## TASK BRIEF
Nothing but an exact copy is asked for: the lines in the material below from the one with "On The Highway" through the one with "Bella + Canvas", pictures excluded.

## DATA SUPPLIED
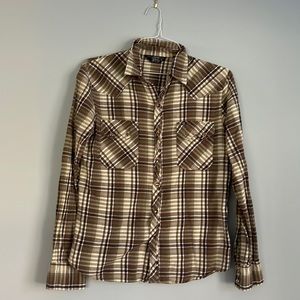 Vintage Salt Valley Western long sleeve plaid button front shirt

...

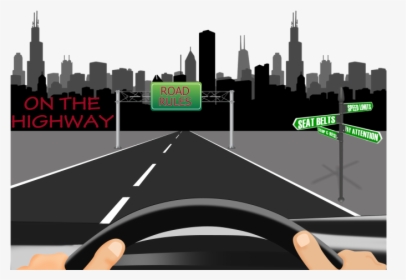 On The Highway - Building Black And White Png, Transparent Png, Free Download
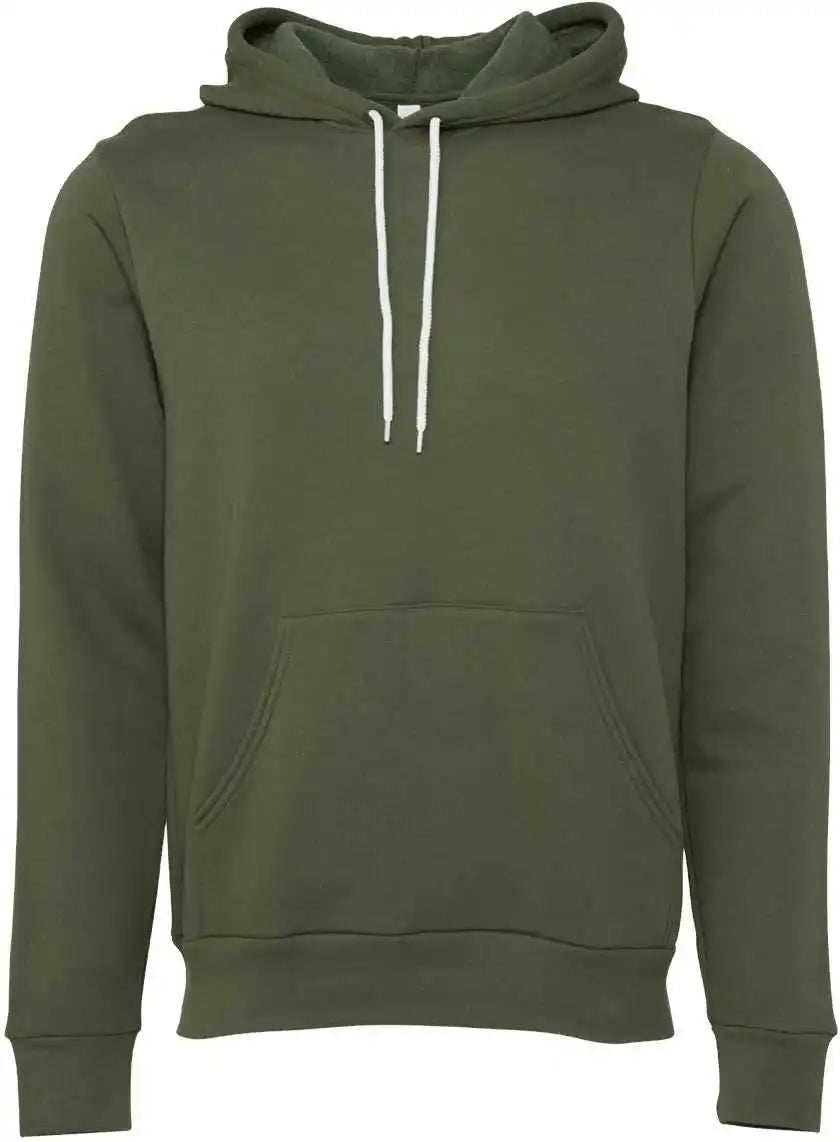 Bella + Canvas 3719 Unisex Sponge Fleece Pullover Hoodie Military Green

* * *

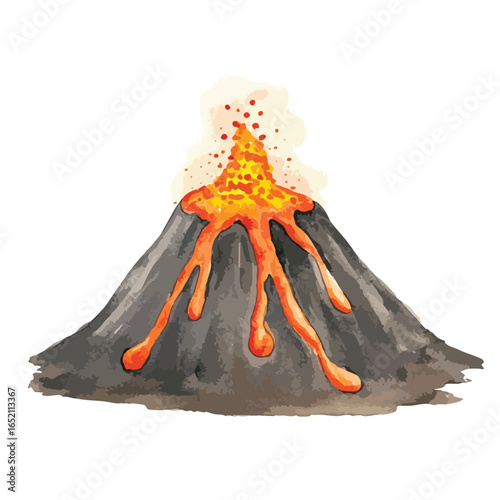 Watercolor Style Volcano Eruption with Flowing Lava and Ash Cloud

## REPLY TO THE TASK
 On The Highway - Building Black And White Png, Transparent Png, Free Download
 Bella + Canvas 3719 Unisex Sponge Fleece Pullover Hoodie Military Green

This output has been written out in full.